On the base paper thus obtained was then provided the same coating layer as
in Example 1 to obtain a recording paper of Example 2.
EXAMPLE 3
LBKP was beaten to a freeness of 450 ml C.S.F. The same filler, internal
sizing agent and cationated starch as in Example 1 were added to the pulp
in the same amounts as in Example 1. The paper material thus obtained was
processed to make a paper having a basis weight of 77 g/m.sup.2 and a
formation index of 20. The paper thus obtained was then machine-calendered
to adjust an apparent density thereof to 0.90 g/cm.sup.3. As a result, a
base paper having an air permeability of 15 seconds was obtained.
On the base paper thus obtained was then provided the same coating layer as
in Example 1 to obtain a recording paper of Example 3.
EXAMPLE 4
The same paper material as in Example 3 was processed to make a paper
having a basis weight of 77 g/m.sup.2 and a formation index of 20. The
paper thus obtained was then machine-calendered to adjust an apparent
density thereof to 0.80 g/cm.sup.3. As a result, a base paper having an
air permeability of 8 seconds was obtained.
On the base paper thus obtained was then provided the same coating layer as
in Example 1 to obtain a recording paper of Example 4.
EXAMPLE 5
LBKP was beaten to a freeness of 470 ml C.S.F. Calcium carbonate light
(TP123, manufactured by Okutama Kogyo K. K.) was then added to the pulp as
a filler to be in an amount of 10% by weight based on the total weight of
a base paper.

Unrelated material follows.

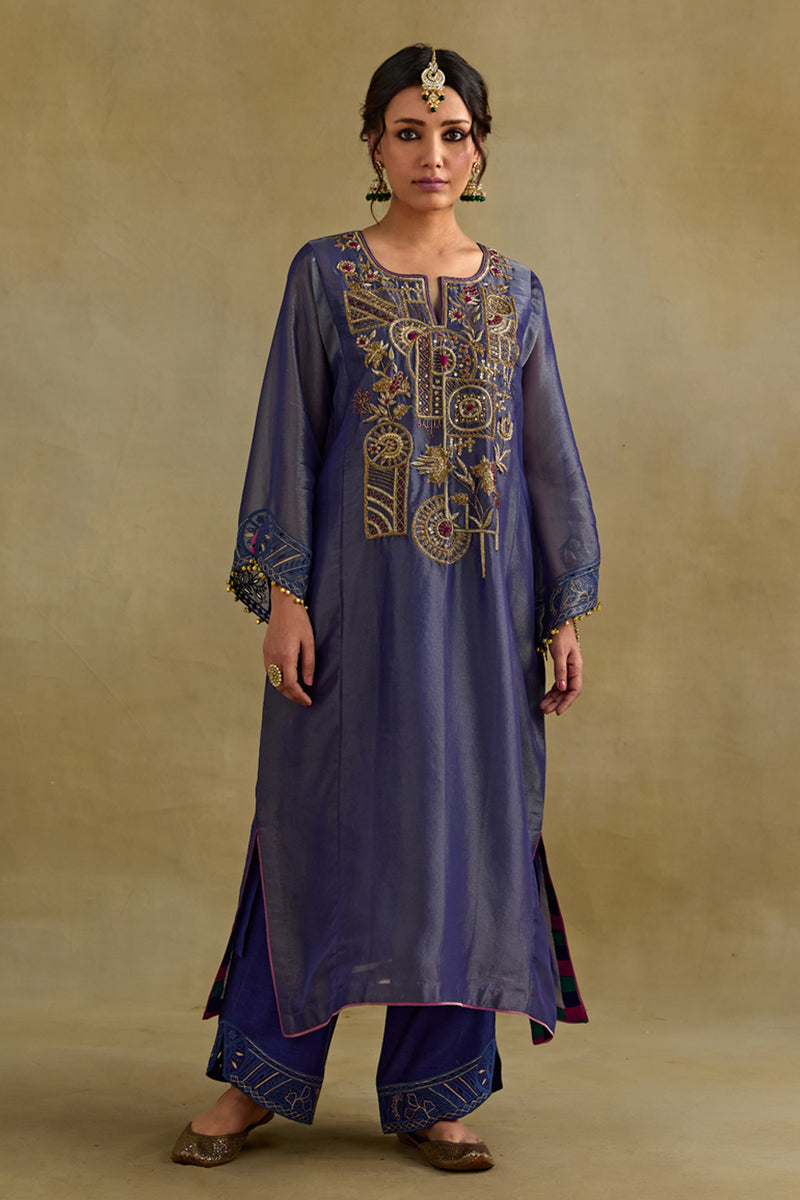 Amber Blue Phiran Style Kurta Set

The same internal sizing agent and cationated starch as in
Example 1 were added thereto in the same amounts as in Example 1. The
paper material thus obtained was processed to make a paper having a basis
weight of 77 g/m.sup.2 and a formation index of 20. The paper thus
obtained was then machine-calendered to adjust an apparent density thereof
to 0.84 g/cm.sup.3. As a result, a base paper having an air permeability
of 8 seconds was obtained.
On the base paper thus obtained was then provided the same coating layer as
in Example 1 to obtain a recording paper of Example 5.
EXAMPLE 6
The same paper material as in Example 5 was processed to make a paper
having a basis weight of 77 g/m.sup.2 and a formation index of 25. The
paper thus obtained was then machine-calendered to adjust an apparent
density thereof to 0.84 g/cm.sup.3. As a result, a base paper having an
air permeability of 8 seconds was obtained.

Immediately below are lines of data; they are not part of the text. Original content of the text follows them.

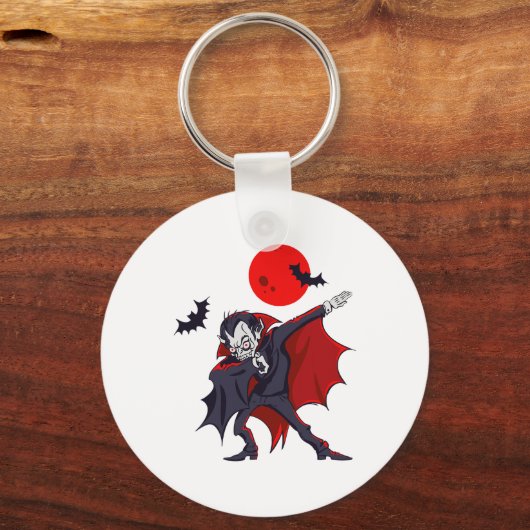 Dabbing Dracula Vampire Halloween Count Dabula Gif Sleutelhanger (Voorkant)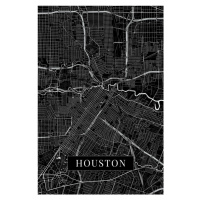 Mapa Houston black, (26.7 x 40 cm)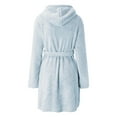 thumbnail image 4 of WZXFASHION Robe de Pyjama en Peluche à Manches Longues avec Poche et Capuche pour Femmes, Couleur Unie, Bleu, TTTG, 4 of 5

On the base paper thus obtained was then provided the same coating layer as
in Example 1 to obtain a recording paper of Example 6.
EXAMPLE 7
To the same base paper as in Example 6 was applied a coating solution
containing finely divided synthetic amorphous silica particles (Mizukasil
P-87, manufactured by Mizusawa Industrial Chemicals, Ltd.; specific
surface area: 280 m.sup.2 /g) in an amount of 72% and the same aqueous
adhesive and waterproofing agent as in Example 1 in the same amounts as in
Example 1, to thereby form a coating layer having a dried coverage of 7
g/m.sup.2. The coated surface was then finished so as to have a Beck
smoothness of 28 seconds to obtain a recording paper of Example 7.
EXAMPLE 8
The same pulp as in Example 3 was used. Calcium carbonate light (TP122,
manufactured by Okutama Kogyo K. K.) was added to the pulp to be in an
amount of 10% by weight based on the total weight of a base paper. The
same internal sizing agent and cationated starch as in Example 1 were then
added thereto in the same amounts as in Example 1. The paper material thus
obtained was processed to make a paper having a basis weight of 70
g/m.sup.2 and a formation index of 20. The paper thus obtained was then
machine-calendered to adjust an apparent density thereof to 0.80
g/cm.sup.3. As a result, a base paper having an air permeability of 8
seconds was obtained.
On the base paper thus obtained was then provided the same coating layer as
in Example 1 to obtain a recording paper of Example 8.
EXAMPLE 9
The same paper material as in Example 8 was processed to make a paper
having a basis weight of 90 g/m.sup.2 and a formation index of 20. The
paper thus obtained was then machine-calendered to adjust an apparent
density thereof to 0.80 g/cm.sup.3. As a result, a base paper having an
air permeability of 15 seconds was obtained.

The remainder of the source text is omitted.